Devant Bercy, colère froide et pancartes nettes
Fin de matinée, parvis tendu. À Paris, le rendez-vous a été donné devant Bercy, siège du ministère des Finances. Des policiers en tenue, brassards bien visibles, se sont rassemblés pour demander des revalorisations salariales et des moyens supplémentaires. Deux locomotives syndicales ont posé le cadre : Alliance et Un1té police FO. D’abord prévues séparément, leurs mobilisations ont finalement fusionné en un seul cortège.
Les chiffres, eux, ne collent pas tout à fait. L’organisation Alliance avance 5 000 participants, quand le comptage policier en annonce 3 000. Deux lectures d’une même foule, casques posés et talkies au repos le temps de battre le pavé.
« 5 000 personnes selon Alliance (3 000… selon la police) »

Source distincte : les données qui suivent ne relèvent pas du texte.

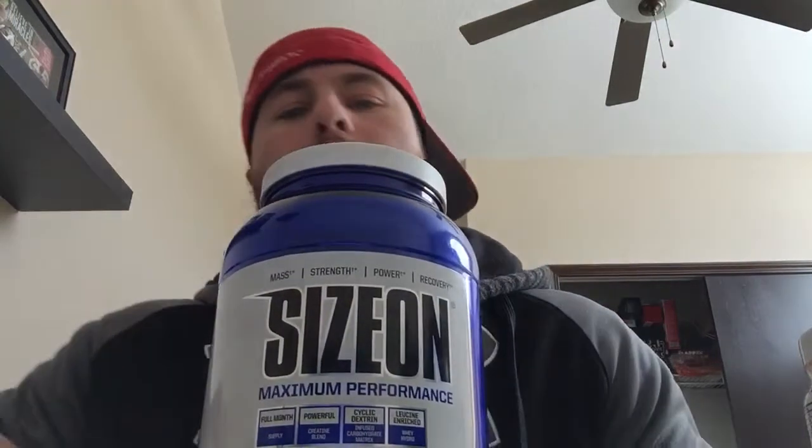Getting back to things I'm taking right now — this is my second tub of this and I am 100% in love with this product. First of all, the flavor is actually really good. Being that it's an intra-workout, it's a true intra-workout — it's got carbs, essential amino acids, a little bit of protein, and creatine in it.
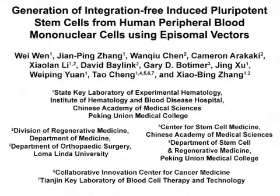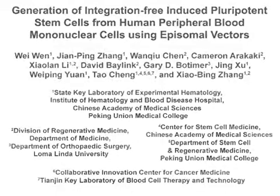The overall goal of this procedure is to generate iPS cells from adult human peripheral blood mononuclear cells using non-integrating episomal vectors. This protocol can help scientists in the stem cell field who wish to generate iPS cells for disease modeling, drug screening, and regenerative medicine. Our reprogramming protocol is very simple, yet highly efficient. Following this procedure, one can easily master the technique of blood cell reprogramming.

Cap sur la DRH du ministère de l’Intérieur
Le cortège a quitté la façade vitrée de Bercy pour une marche vers la direction des relations humaines du ministère de l’Intérieur. La bannière de Synergie Officiers s’est ajoutée en route. Une file compacte, slogans mesurés, drapeaux levés. Le message est clair : les grilles indiciaires, le déroulé des carrières, le pouvoir d’achat et les conditions de service sont jugés à la peine.
Au cœur de la crispation : la réforme des commissaires, qui prévoit une revalorisation pouvant atteindre 1 350 euros par mois. Une perspective qui fait grincer les rangs en tenue, convaincus d’un déséquilibre au détriment du terrain. L’étincelle a suffi pour mettre la base en mouvement.

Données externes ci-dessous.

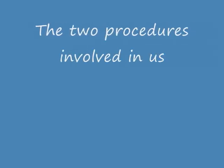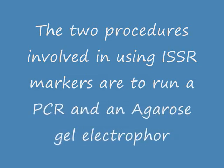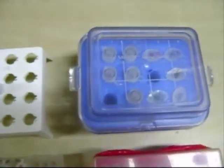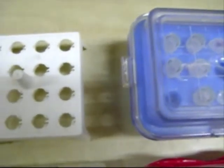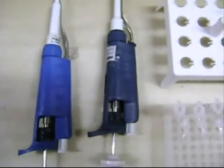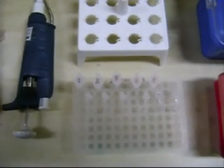The two procedures involved in using ISSR markers are running a PCR and an agarose gel electrophoresis. The components needed for the PCR cocktail are prepared and collected. The various components needed are an icebox with TAC buffer, Taq DNA polymerase, dNTPs, and primers. 20 and 2 microliter micropipettes are collected, and the genomic DNA samples are checked for concentration and prepared accordingly.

Revendications sur table, discipline en rue
Sur les pancartes, des mots courts. Sur les lèvres, les mêmes demandes répétées : reconnaissance du métier, revalorisation des rémunérations, effectifs et équipements à la hauteur. Le tout porté par les syndicats majoritaires, rejoints par d’autres composantes de la maison police. Le temps d’une marche, la hiérarchie s’efface derrière le front commun des revendications.

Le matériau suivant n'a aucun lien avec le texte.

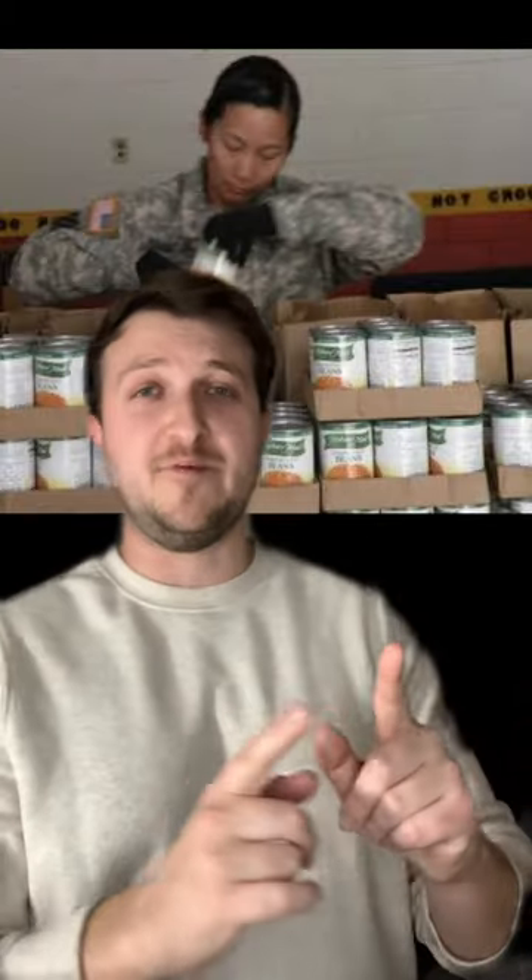Number two: beef jerky. One of the worst things ever is trying to stay awake as a soldier, either on guard or on mission. Beef jerky is great because it's almost like bubble gum, but it's actually giving you protein and energy. I highly suggest you get some beef jerky if you don't like your MREs. And if you do bring canned food, be careful — these are really salty, and if you're dehydrated, it'll quite literally scratch the inside of your mouth.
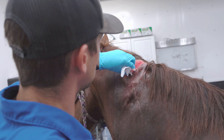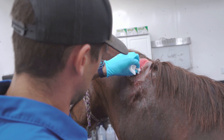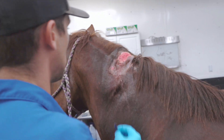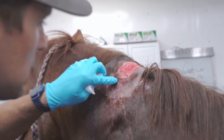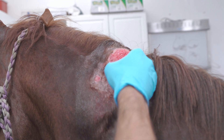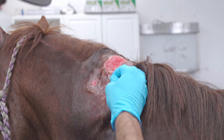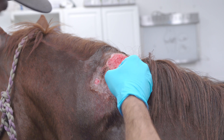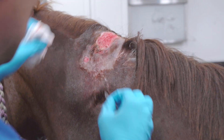Now we're debriding some of this necrotic tissue and taking out some of these little inflammatory granulomas — basically inflammatory clumps of nasty stuff. You can see a nice big one right there. Sometimes they're called sulfur granules — basically it's a collection of worm or nematode larvae and inflammatory or immune cells clustered together.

- Carrières : progression et valorisation des parcours opérationnels.
- Pouvoir d’achat : salaires et primes jugés insuffisants.
- Conditions de travail : effectifs, dotations et charge en hausse.
Un rendez-vous parisien, des renforts venus de l’Est
Dans le cortège, on reconnaît des délégations venues de Reims, Châlons-en-Champagne et Épernay. Vingt-quatre adhérents d’Alliance venus de la Marne ont fait le trajet, gilets sur le dos, banderoles pliées dans le train. Paris concentre la scène sociale ; les renforts régionaux épaississent la ligne.
La date n’a rien d’un hasard : ce mardi 30 juin, à la charnière d’un été sous tension, les syndicats veulent peser sur l’agenda ministériel. Leur cible est administrative, mais l’équation est budgétaire : c’est à Bercy que se dessine la marge, et au ministère de l’Intérieur que s’écrivent les carrières.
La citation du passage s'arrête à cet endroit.